Thursday, September 07, 2006

Morbid Reflections

Though I haven't seen the actual document, I am told that someone in Al Qaida or some such group has spelled out why he believes the cultural West is doomed to lose the so-called "War on Terror," why the West, in fact, is fated ultimately to be supplanted by fundamentalist Islam.

He writes, and I paraphrase, "You infidels of the West, you love life and fear death. We Muslims, however, do not fear death. We love it, and we embrace it. You are afraid of us killing you, but we aren't afraid of you killing us. Therefore, you will lose (in spite of your far superior weaponry) and we will win."

The guy, whoever he is, has a point. We in the West do love life, and fear death. It only seems natural to us. But is it natural? After all, death is "natural." It's part of our design; we were "made" to die. You could even say that we were born to die. Yet we can't make peace with this circumstance. We don't want to die, we want to live. This mindset affects us, even, or maybe even especially, if we are unselfish. We don't want our loved ones to die any more than we want ourselves to die-- in some cases, we want them to live more than we want ourselves to live.

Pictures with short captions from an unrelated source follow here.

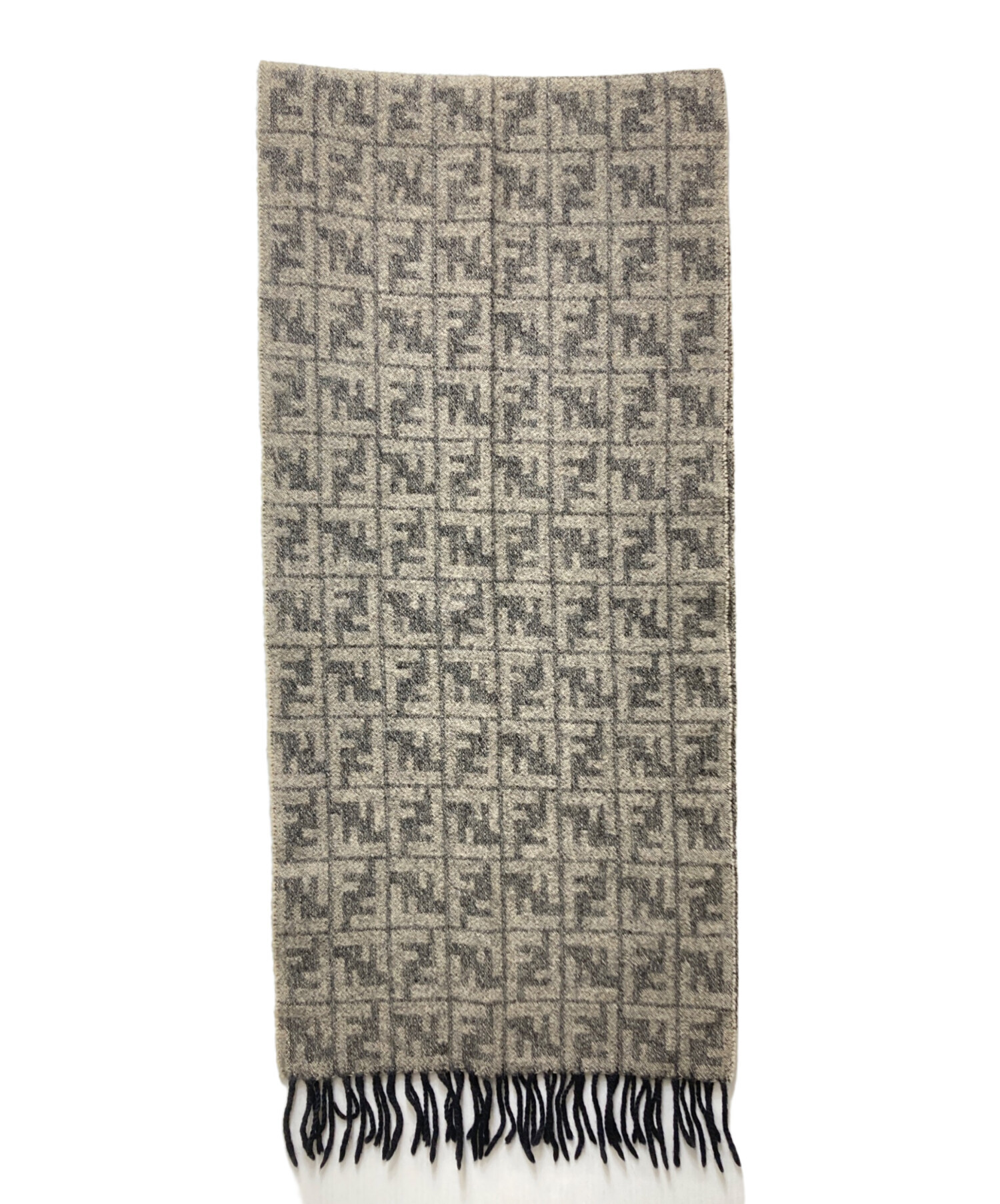 【FENDI / フェンディ】マフラー ズッカ柄 ベージュ系 中古・古着通販】FENDI (フェンディ) ズッカ柄フリンジマフラー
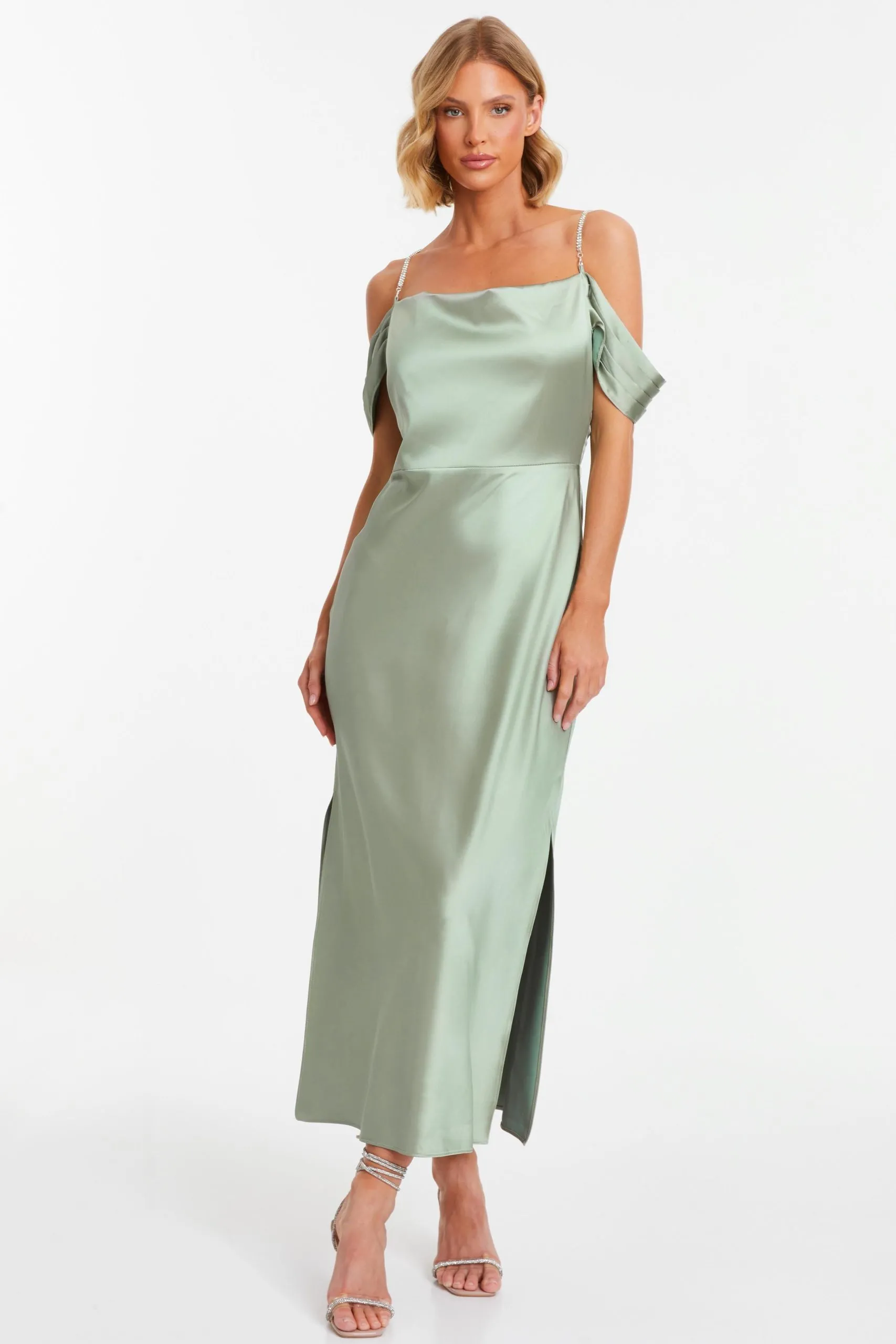 Green Satin Drop Shoulder Midaxi Dress
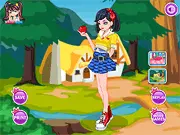 Teen Snow White Dress Up game online, styling the princess from Fairytale High, modern princess dress up free game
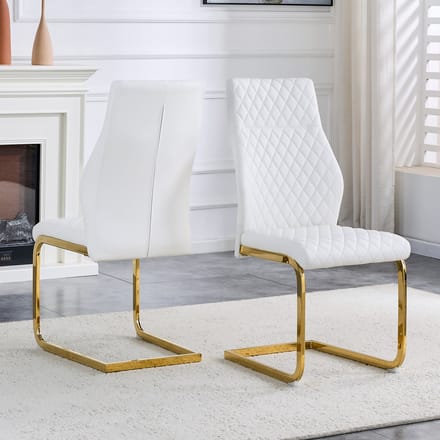 MODFU - Eetkamerstoelen Set Van 2 - Hoge Rugleuning - Ruitpatroon - Metaal En Kunstleer - Wit En Goud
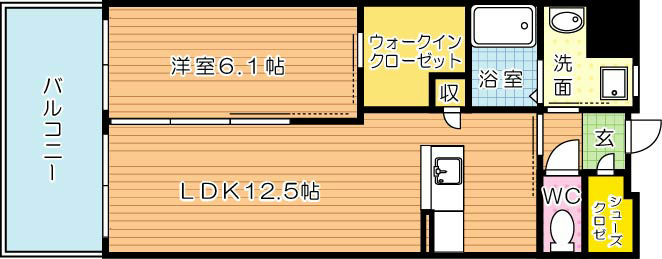 【北九州市八幡東区西本町のマンションの間取り】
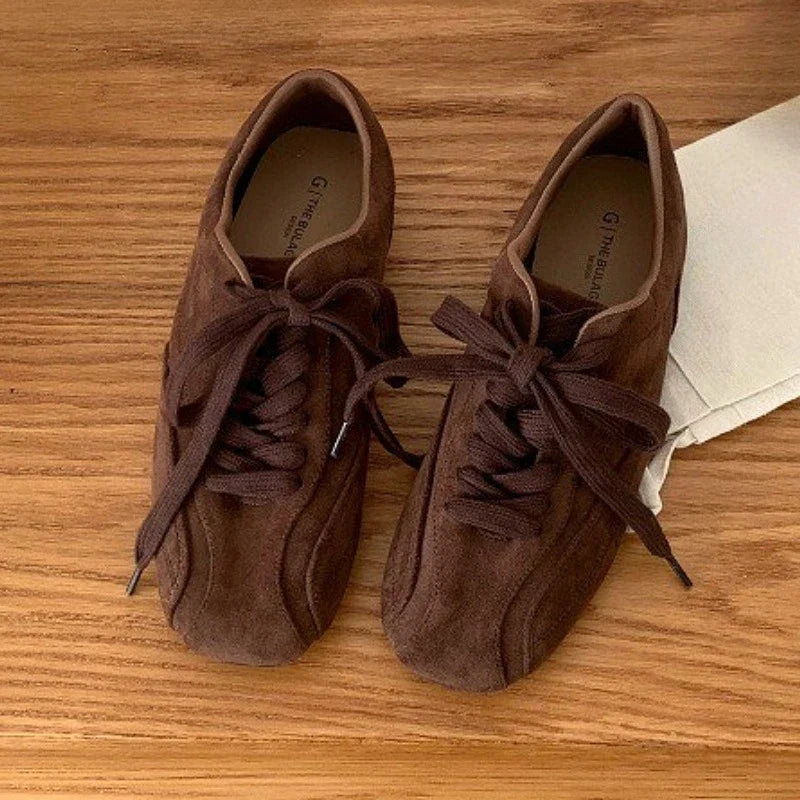 Suede Retro Lace Up Casual Flat Shoes Comfort Shallow Footwear Brown Brand Ballet Sneakers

Fundamentalist Muslims, on the other hand, don't think twice about their children being "martyred." Parents of suicide bombers celebrate wildly when their sons (and sometimes daughters) blow themselves to smithereens. Such a reaction is utterly foreign to us. No matter how much we console ourselves that a deceased loved one is "in a better place," more often than not we don't actually believe it. At the very least, we have grave doubts.

For the last few months, I find that I have been "much possessed by death," constantly seeing "the skull beneath the skin," as T.S. Eliot once wrote. Nothing dramatic has happened to provoke these morbid thoughts. But then is death itself really all that dramatic? It's just something that happens, everyday, everywhere, in many different ways. Death seems like an exotic thing to us, but in fact it is anything but exotic. It should be a very familiar thing. We should know it intimately. Yet somehow we are unable to comprehend it. Is this state of being the result of immersion in a hedonistic, affluent, secular culture? Somehow I think it is.

Somehow, we have to learn to become like the fundamentalist Muslims, only better. We have to be able to conceive of death as a thing not to be feared, in fact, as a thing to be embraced, even loved. At the same time, we must retain our appropriate horror towards murder and mayhem, which fundamentalist Muslims also appear to embrace and love, at least when they are the perpetrators.

I'm not sure this can be done. We are too weak-willed, too indulgent, and most importantly, too lacking in faith. The vultures are circling around us, we know it, and we know there's nothing we can do about it. We are only able to console ourselves with platitudes about a "better place," pious utterances we don't even actually believe. Good Lord, how wretched we have become!